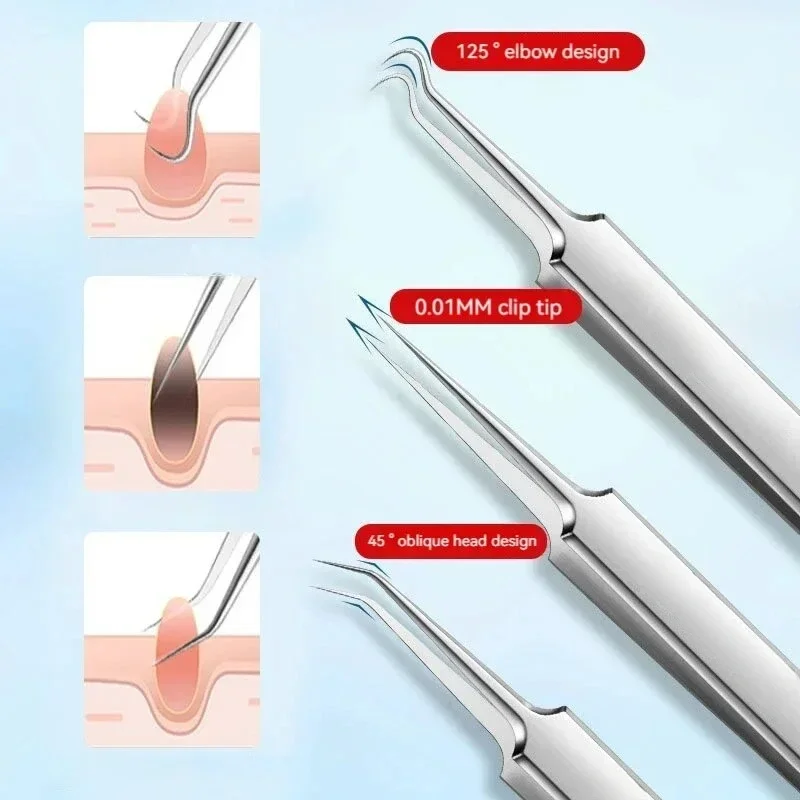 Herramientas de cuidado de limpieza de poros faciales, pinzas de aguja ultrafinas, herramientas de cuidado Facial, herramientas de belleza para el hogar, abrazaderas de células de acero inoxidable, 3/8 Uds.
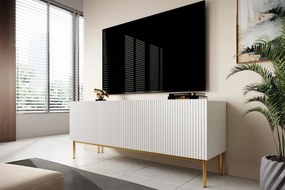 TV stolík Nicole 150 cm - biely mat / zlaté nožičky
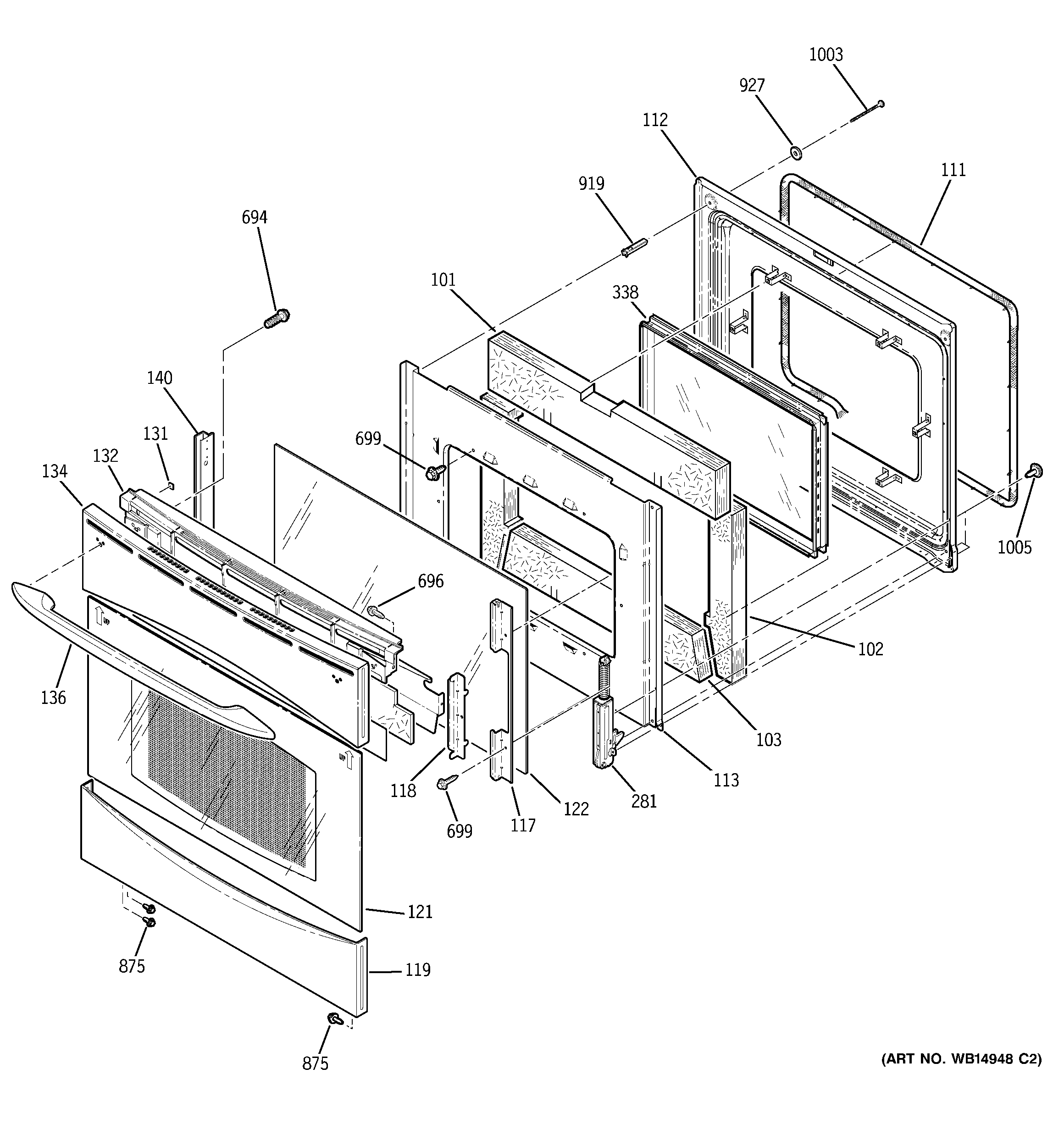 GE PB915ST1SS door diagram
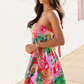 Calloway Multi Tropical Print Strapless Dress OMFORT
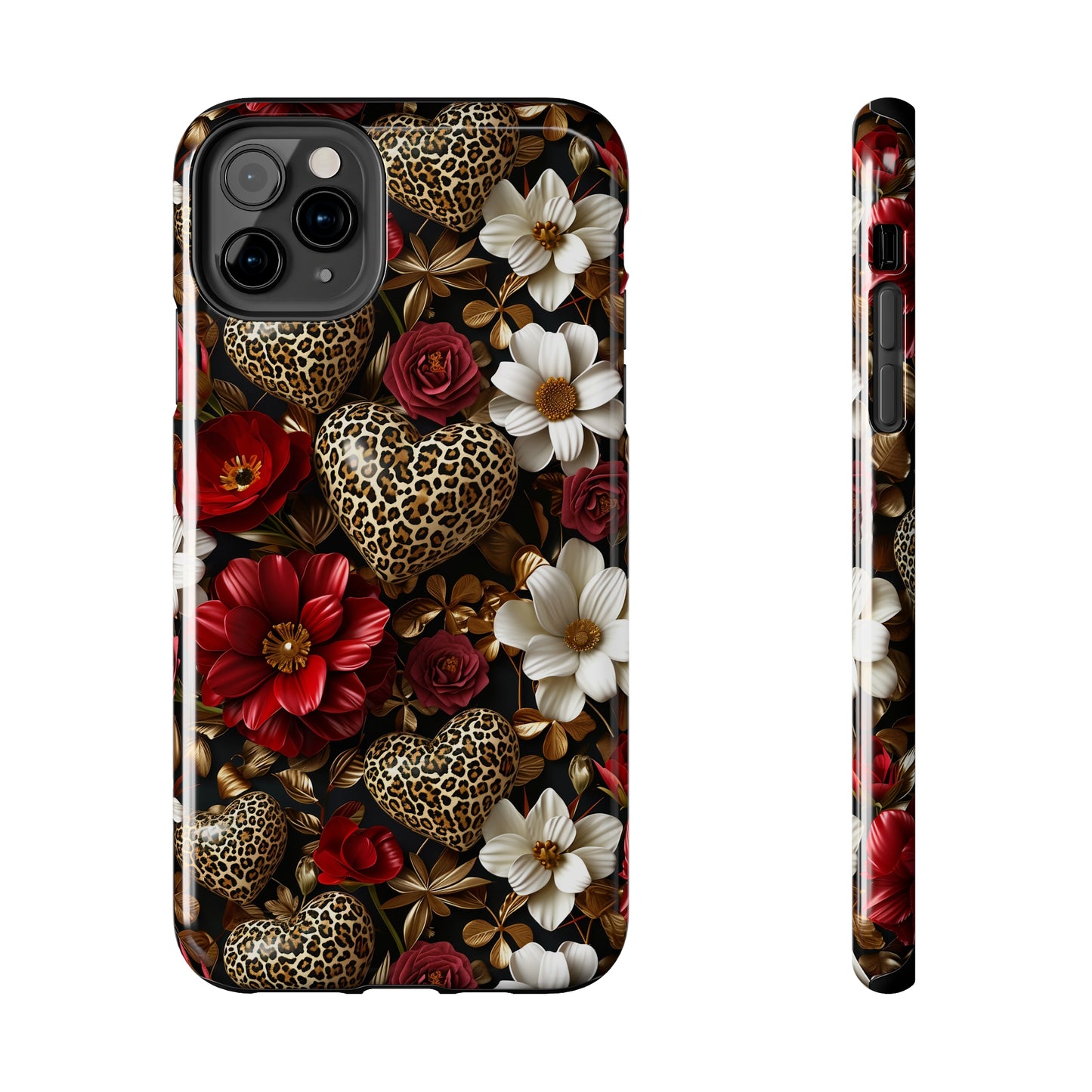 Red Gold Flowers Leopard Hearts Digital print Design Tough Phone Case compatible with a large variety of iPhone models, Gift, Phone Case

_TASK OBJECTIVE_. Once the pictures are removed, output the entries above exactly as given.

_ANSWER TO THE EXERCISE_.
 Herramientas de cuidado de limpieza de poros faciales, pinzas de aguja ultrafinas, herramientas de cuidado Facial, herramientas de belleza para el hogar, abrazaderas de células de acero inoxidable, 3/8 Uds.
 TV stolík Nicole 150 cm - biely mat / zlaté nožičky
 GE PB915ST1SS door diagram
 Calloway Multi Tropical Print Strapless Dress OMFORT
 Red Gold Flowers Leopard Hearts Digital print Design Tough Phone Case compatible with a large variety of iPhone models, Gift, Phone Case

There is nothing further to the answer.